Part of the Ten Years International project that also includes Japan and Thailand, Ten Years Taiwan features five shorts that predict what would happen to Taiwan in ten years. Sitting on the style spectrum between the understated Ten Years Japan and outlandish Ten Years Thailand, the film features the most diverse lineup of directors out of all the Ten Years projects to date. Avoiding the cross-strait political tension often captures headlines, these filmmakers focus instead on social problems affecting different strata of Taiwan society.
The omnibus kicks off with The Can of Anido by Cilangasan Lekal Sumi (Panay). Set on Orchid Island, off the eastern coast of Taiwan, the short follows the quiet life of an old man from the island’s Tao tribe. As a typhoon approaches, the old man becomes haunted by his anxiety over the storage site that has been storing nuclear waste from nuclear power plants since 1982. Poetically filmed with a touch of magical realism, Anido is a melancholic protest over an issue that has haunted generations of Orchid Island residents.
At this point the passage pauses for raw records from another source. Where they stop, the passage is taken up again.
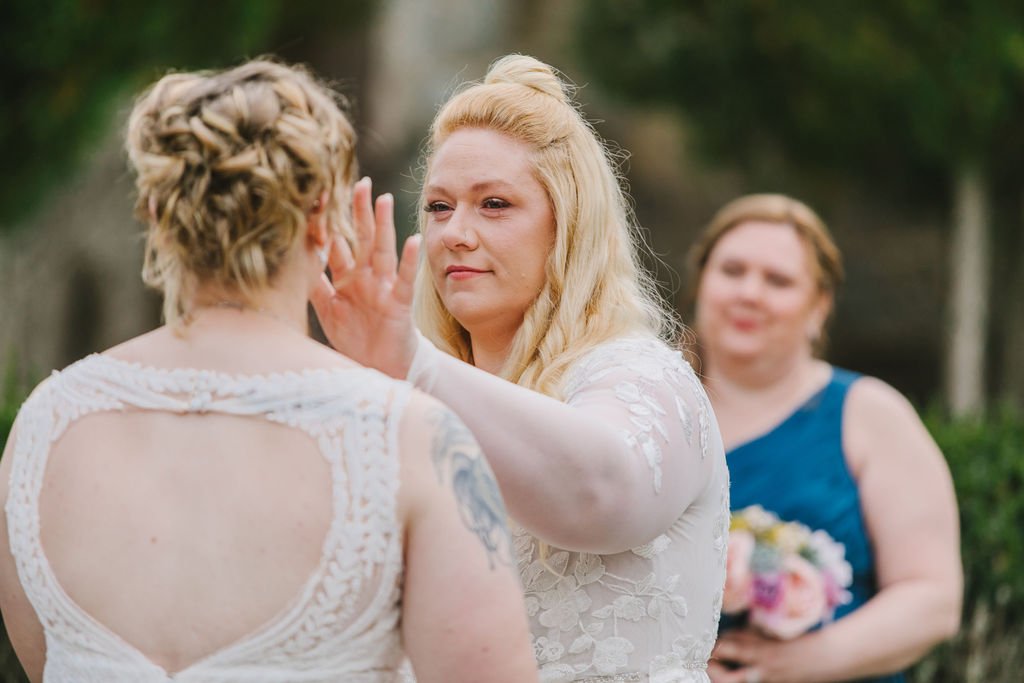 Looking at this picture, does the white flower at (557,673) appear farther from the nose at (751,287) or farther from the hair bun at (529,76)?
the nose at (751,287)

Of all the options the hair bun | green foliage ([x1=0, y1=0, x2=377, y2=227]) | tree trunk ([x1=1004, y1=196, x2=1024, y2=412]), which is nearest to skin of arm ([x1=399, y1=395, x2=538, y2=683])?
the hair bun

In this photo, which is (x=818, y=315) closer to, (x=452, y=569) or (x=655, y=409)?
(x=655, y=409)

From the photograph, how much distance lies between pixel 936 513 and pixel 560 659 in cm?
192

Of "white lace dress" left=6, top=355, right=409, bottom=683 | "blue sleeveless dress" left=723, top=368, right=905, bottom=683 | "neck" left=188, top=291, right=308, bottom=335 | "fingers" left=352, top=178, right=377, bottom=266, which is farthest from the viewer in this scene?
"blue sleeveless dress" left=723, top=368, right=905, bottom=683

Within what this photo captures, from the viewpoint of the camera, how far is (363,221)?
85.7 inches

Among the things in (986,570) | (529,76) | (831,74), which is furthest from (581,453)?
(831,74)

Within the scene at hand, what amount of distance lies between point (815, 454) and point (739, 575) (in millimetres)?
556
Also directly ripped from the headlines is Rina B. Tsou’s 942. The short starts in the future with the story a Taiwanese nurse who has been raped by her boss whilst working in an overseas hospital. Tsou’s backwards chronological structure finally makes sense when the story’s inspiration is revealed at the mid-way point: In 2016, an Indonesian helper in Taiwan who was raped by her employer sent a video of the vile act to Indonesian media after her employment agency refused to act. Devastating and sometimes hard to watch, 942 is a seething indictment of Taiwanese society’s attitude towards the plight of migrant workers.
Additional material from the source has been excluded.